WORK ITEM
The reply is to be an exact repetition of the entries that follow, with each picture left out.

DATA TO PROCESS

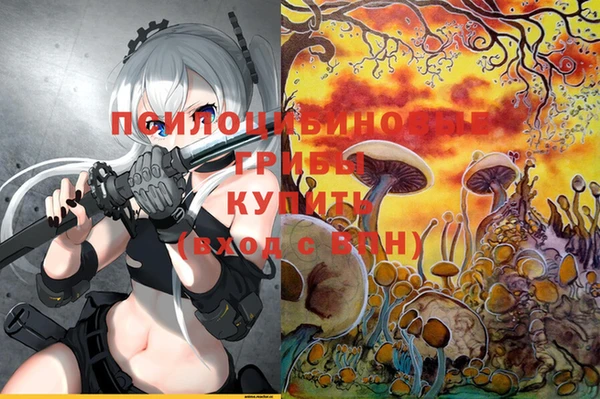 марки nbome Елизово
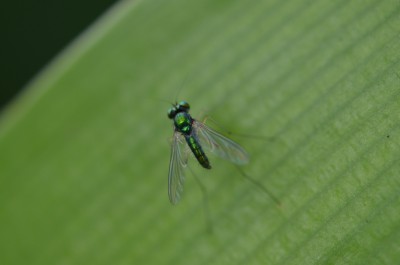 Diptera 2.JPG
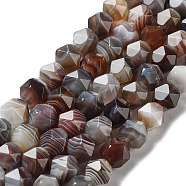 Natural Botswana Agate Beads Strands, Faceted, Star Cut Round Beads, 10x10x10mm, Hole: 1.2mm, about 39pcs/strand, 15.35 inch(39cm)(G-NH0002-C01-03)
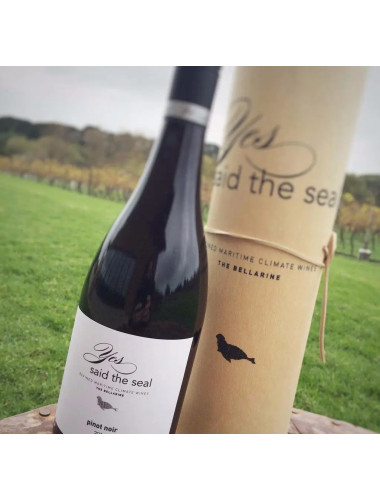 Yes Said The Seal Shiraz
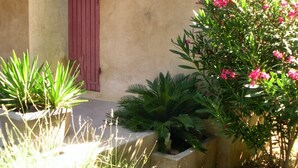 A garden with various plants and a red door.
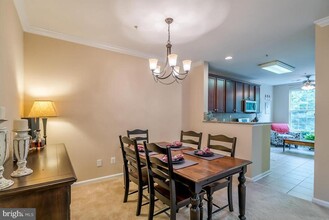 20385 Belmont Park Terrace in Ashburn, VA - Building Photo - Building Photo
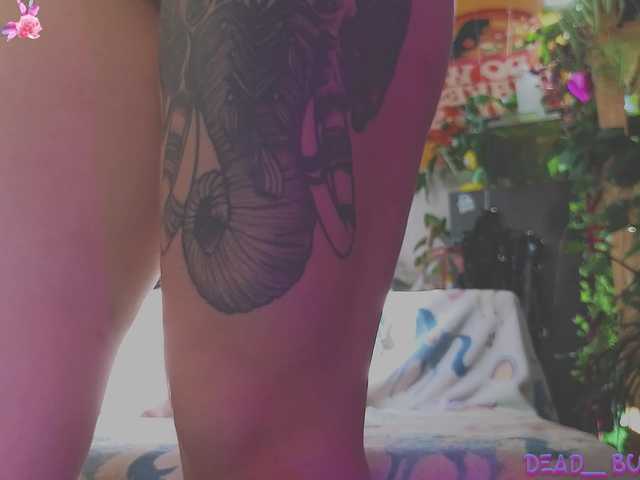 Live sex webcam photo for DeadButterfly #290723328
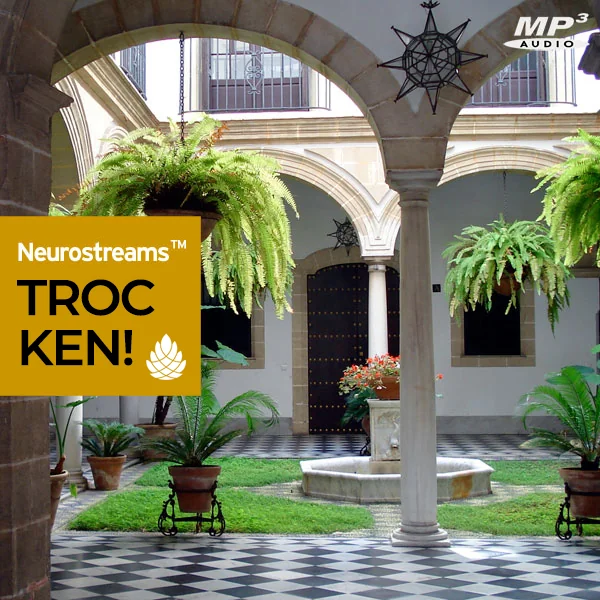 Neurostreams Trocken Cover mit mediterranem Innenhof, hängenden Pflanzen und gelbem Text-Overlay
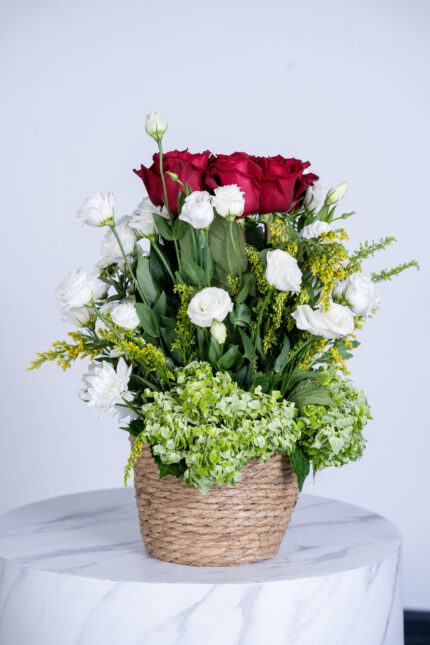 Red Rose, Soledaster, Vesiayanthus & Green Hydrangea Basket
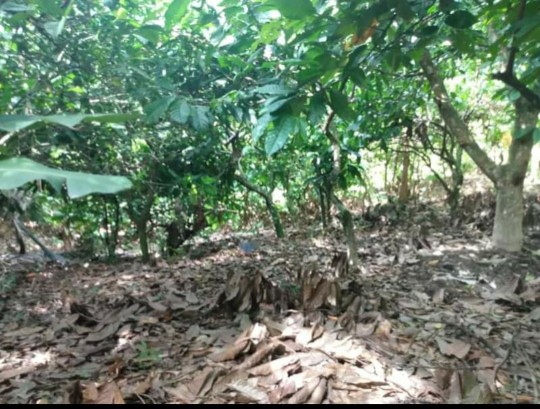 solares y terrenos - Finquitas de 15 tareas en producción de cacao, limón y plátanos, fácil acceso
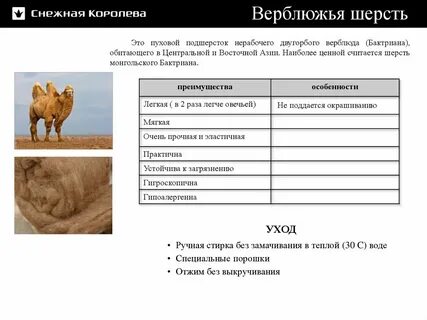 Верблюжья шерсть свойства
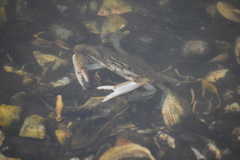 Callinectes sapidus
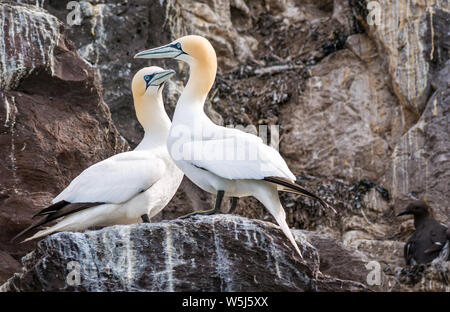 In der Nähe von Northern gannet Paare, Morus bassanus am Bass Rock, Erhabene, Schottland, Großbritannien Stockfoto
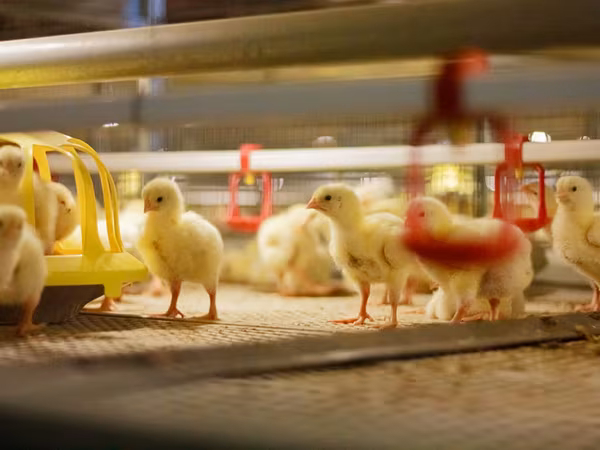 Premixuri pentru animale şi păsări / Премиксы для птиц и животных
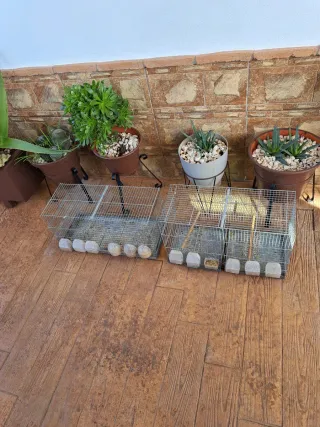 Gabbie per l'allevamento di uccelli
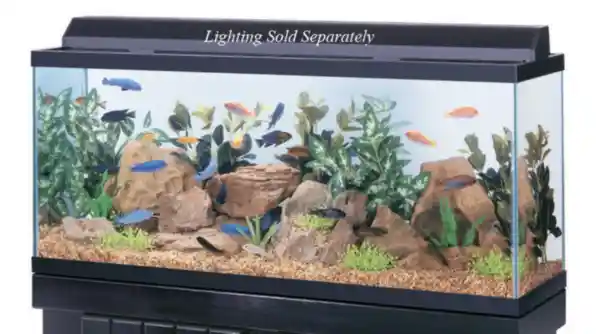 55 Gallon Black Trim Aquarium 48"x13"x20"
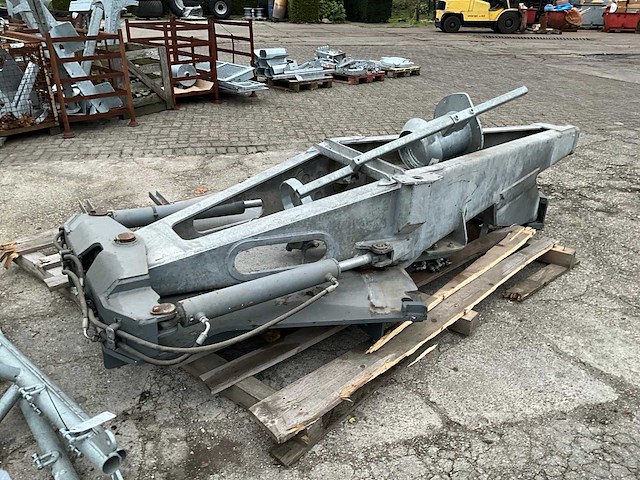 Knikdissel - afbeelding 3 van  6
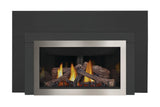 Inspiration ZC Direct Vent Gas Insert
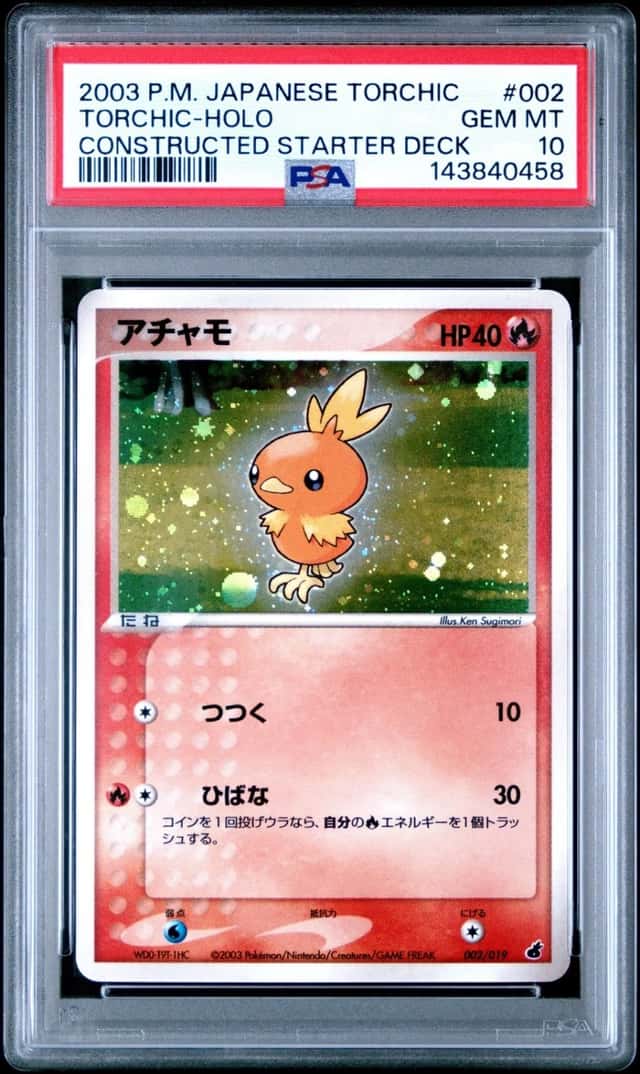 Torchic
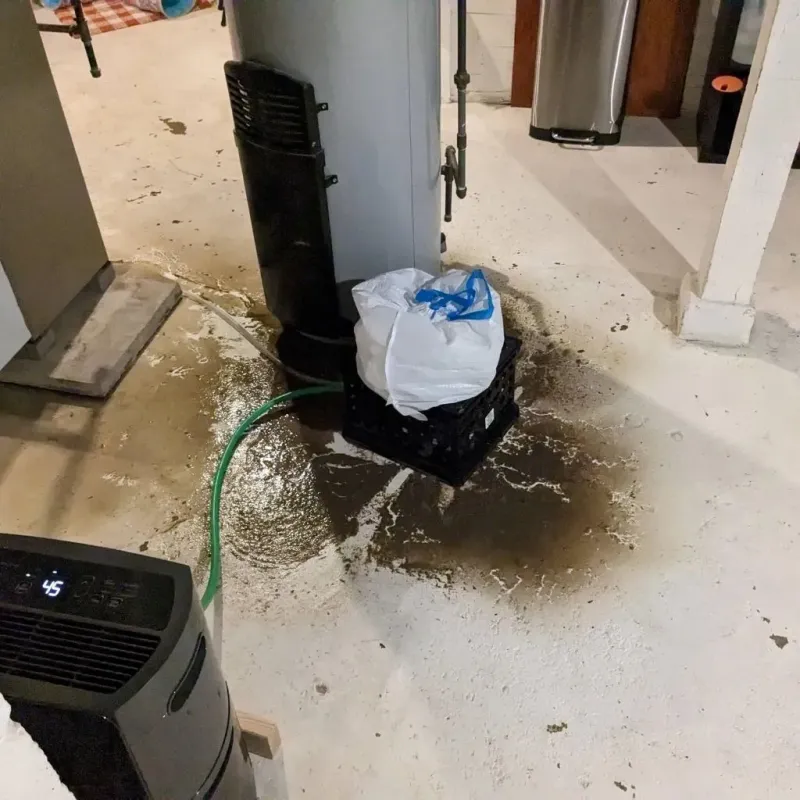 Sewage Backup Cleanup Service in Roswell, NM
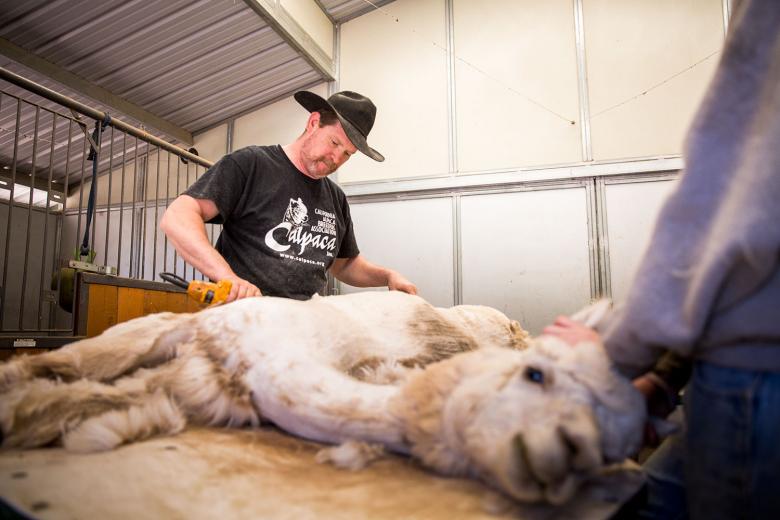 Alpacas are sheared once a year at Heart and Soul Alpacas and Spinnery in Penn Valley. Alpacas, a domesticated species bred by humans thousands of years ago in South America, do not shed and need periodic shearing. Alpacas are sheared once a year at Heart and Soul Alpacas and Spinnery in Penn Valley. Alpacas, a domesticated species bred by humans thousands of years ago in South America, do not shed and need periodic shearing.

REPLY TO THE EXERCISE
 марки nbome Елизово
 Diptera 2.JPG
 Natural Botswana Agate Beads Strands, Faceted, Star Cut Round Beads, 10x10x10mm, Hole: 1.2mm, about 39pcs/strand, 15.35 inch(39cm)(G-NH0002-C01-03)
 Yes Said The Seal Shiraz
 A garden with various plants and a red door.
 20385 Belmont Park Terrace in Ashburn, VA - Building Photo - Building Photo
 Live sex webcam photo for DeadButterfly #290723328
 Neurostreams Trocken Cover mit mediterranem Innenhof, hängenden Pflanzen und gelbem Text-Overlay
 Red Rose, Soledaster, Vesiayanthus & Green Hydrangea Basket
 solares y terrenos - Finquitas de 15 tareas en producción de cacao, limón y plátanos, fácil acceso
 Верблюжья шерсть свойства
 Callinectes sapidus
 In der Nähe von Northern gannet Paare, Morus bassanus am Bass Rock, Erhabene, Schottland, Großbritannien Stockfoto
 Premixuri pentru animale şi păsări / Премиксы для птиц и животных
 Gabbie per l'allevamento di uccelli
 55 Gallon Black Trim Aquarium 48"x13"x20"
 Knikdissel - afbeelding 3 van  6
 Inspiration ZC Direct Vent Gas Insert
 Torchic
 Sewage Backup Cleanup Service in Roswell, NM
 Alpacas are sheared once a year at Heart and Soul Alpacas and Spinnery in Penn Valley. Alpacas, a domesticated species bred by humans thousands of years ago in South America, do not shed and need periodic shearing. Alpacas are sheared once a year at Heart and Soul Alpacas and Spinnery in Penn Valley. Alpacas, a domesticated species bred by humans thousands of years ago in South America, do not shed and need periodic shearing.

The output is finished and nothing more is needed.